L'appello della Garante e il richiamo al regolamento

Vanessa Marini, avvocato e garante degli Animali del Comune di Ancona, sottolinea con forza la necessità di tenere alta l'attenzione: «Capodanno rappresenta una notte durante la quale è fondamentale tenere alta l’attenzione perché rumori particolarmente intensi, nonché improvvisi, potrebbero causare spaventi e traumi agli animali che, se non opportunamente controllati e custoditi, potrebbero mettersi in situazioni di pericolo».

Il suo invito ai proprietari di animali domestici è a «mettere in atto tutte le precauzioni del caso, onde limitare al massimo rischi collaterali». Un monito che non è solo un'esortazione morale, ma trova concretezza nel Regolamento di polizia urbana: per il 31 dicembre 2025 e l'1 gennaio 2026 è infatti già previsto il divieto di utilizzare petardi, ‘botti’ di qualsiasi genere e di far esplodere fuochi d’artificio in strade, piazze e in qualsiasi luogo pubblico o aperto al pubblico.

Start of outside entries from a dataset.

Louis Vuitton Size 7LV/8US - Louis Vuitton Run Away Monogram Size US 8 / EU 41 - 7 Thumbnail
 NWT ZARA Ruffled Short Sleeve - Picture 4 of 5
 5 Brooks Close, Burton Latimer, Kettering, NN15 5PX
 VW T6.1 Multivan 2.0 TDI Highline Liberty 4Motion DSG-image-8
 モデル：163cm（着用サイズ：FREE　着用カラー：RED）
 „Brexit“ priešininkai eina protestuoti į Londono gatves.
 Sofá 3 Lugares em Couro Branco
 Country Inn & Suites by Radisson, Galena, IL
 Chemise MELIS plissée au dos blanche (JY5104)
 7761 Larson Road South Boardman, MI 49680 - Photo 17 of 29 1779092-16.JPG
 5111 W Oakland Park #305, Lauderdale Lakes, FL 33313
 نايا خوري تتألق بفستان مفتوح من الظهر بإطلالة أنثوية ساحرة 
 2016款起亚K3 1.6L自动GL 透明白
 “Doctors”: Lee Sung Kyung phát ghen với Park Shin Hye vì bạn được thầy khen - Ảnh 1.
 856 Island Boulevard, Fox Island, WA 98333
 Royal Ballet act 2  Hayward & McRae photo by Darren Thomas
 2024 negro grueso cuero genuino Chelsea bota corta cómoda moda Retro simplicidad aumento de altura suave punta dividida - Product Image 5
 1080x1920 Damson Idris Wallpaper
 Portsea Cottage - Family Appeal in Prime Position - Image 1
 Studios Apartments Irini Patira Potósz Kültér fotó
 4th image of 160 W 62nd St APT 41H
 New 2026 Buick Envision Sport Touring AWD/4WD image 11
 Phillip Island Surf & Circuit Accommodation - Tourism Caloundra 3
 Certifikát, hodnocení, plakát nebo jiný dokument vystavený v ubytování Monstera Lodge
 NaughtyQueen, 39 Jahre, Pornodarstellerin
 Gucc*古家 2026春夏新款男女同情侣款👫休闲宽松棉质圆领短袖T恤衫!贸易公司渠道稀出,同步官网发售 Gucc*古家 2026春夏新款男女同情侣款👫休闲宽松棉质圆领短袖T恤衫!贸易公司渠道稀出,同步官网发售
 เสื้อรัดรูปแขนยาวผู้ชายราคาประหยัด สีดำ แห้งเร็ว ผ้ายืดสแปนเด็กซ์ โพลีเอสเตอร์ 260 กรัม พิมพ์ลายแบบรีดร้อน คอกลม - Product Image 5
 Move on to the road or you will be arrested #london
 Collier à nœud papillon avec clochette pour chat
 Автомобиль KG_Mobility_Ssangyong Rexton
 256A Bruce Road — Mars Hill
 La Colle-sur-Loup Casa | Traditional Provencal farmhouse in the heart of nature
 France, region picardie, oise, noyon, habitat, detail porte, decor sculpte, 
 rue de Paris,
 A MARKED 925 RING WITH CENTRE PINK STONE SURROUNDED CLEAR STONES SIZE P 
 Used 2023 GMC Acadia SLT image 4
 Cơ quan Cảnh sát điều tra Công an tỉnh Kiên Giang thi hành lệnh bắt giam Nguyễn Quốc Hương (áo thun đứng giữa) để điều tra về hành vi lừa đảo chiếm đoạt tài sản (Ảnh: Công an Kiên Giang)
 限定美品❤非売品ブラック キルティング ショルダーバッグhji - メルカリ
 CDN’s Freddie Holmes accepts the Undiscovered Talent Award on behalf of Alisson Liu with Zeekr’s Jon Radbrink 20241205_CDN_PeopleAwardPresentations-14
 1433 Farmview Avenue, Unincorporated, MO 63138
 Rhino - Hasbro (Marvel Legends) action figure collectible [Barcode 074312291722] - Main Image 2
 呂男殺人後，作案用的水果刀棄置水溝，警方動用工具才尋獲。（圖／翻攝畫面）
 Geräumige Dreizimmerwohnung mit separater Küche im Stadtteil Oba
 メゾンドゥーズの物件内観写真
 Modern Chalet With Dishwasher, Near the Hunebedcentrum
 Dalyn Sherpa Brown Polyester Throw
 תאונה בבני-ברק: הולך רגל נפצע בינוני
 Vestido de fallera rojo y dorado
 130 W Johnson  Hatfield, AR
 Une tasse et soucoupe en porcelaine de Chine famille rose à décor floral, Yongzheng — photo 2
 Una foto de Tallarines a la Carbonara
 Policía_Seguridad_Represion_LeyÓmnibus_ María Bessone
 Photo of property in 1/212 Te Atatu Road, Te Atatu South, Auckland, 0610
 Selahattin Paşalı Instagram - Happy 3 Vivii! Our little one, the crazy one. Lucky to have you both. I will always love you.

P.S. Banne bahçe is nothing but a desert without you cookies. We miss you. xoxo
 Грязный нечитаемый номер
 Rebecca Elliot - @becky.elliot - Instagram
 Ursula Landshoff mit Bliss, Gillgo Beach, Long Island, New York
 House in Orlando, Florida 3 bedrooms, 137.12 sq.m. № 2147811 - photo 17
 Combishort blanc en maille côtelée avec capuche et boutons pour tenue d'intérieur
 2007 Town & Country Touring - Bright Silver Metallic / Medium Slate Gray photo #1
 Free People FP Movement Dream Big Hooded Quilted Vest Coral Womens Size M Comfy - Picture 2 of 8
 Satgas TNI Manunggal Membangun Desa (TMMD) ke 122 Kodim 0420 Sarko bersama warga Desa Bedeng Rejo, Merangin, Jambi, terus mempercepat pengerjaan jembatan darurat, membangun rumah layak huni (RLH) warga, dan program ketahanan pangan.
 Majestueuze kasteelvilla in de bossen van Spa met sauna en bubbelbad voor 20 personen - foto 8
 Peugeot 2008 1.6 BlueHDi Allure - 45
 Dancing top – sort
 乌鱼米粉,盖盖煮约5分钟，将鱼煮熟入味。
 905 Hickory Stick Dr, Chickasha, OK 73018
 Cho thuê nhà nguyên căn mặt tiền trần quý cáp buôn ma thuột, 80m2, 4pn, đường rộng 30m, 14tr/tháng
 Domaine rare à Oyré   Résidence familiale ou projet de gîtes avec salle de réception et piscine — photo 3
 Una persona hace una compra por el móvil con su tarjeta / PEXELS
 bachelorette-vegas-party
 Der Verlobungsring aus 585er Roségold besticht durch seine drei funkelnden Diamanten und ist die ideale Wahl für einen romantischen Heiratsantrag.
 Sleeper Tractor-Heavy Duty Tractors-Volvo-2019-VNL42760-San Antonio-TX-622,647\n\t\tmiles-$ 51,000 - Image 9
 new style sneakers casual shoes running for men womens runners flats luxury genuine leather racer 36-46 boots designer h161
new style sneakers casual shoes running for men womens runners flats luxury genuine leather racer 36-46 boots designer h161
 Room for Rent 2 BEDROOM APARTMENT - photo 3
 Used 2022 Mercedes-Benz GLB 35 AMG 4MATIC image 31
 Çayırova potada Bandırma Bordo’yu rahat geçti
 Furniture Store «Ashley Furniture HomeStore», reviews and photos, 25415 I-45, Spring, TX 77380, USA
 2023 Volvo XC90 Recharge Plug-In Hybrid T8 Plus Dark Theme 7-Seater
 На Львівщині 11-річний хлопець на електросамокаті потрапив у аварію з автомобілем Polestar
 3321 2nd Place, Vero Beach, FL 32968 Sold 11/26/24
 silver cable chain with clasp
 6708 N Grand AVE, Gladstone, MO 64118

Le istituzioni in campo: Polizia Locale e Assessorato unite

All'appello della Garante si uniscono a gran voce il comandante della Polizia Locale di Ancona, Marco Ivano Caglioti, e l'assessore alla Tutela degli animali, Orlanda Latini. «L’appello del garante comunale degli Animali, figura che ha il compito di promuovere la tutela e il benessere degli animali, è quanto mai importante», dichiara l'assessore Latini.

«Evitare botti e petardi significa non sottoporre i nostri animali a stress inutile, renderli irritabili e quindi di difficile gestione. A causa del loro udito estremamente sensibile, molto più sviluppato di quello umano e per l'imprevedibilità degli scoppi, rimangono vittima di panico e ansia».

Il dramma silenzioso della fauna selvatica

L'assessore Latini porta l'attenzione su una conseguenza spesso dimenticata: l'impatto devastante sui animali selvatici. Citando stime del WWF, ricorda che «ogni anno in Italia migliaia di animali muoiono a causa dei botti di fine anno». Di questi, circa l'80% sono animali selvatici, soprattutto uccelli.

«Tra questi, rapaci che, spaventati, perdono l’orientamento e finiscono spesso contro ostacoli. Molti abbandonano improvvisamente il loro dormitorio invernale e vagano al buio senza trovare riparo, morendo per il freddo e scarsità di cibo».

Un invito alla festa responsabile

La conclusione dell'assessore è un invito alla collettività: «Mi unisco e ribadisco l’invito della garante ai proprietari di animali d’affezione affinché adottino tutte le opportune cautele per salvaguardare i nostri amici a quattro zampe in questi giorni di festa».

Il messaggio dalle istituzioni di Ancona è chiaro e univoco: si può e si deve festeggiare l'arrivo del nuovo anno nel rispetto della legalità, della sicurezza pubblica e del benessere di tutti gli esseri viventi, adottando comportamenti responsabili e alternative più silenziose per i festeggiamenti.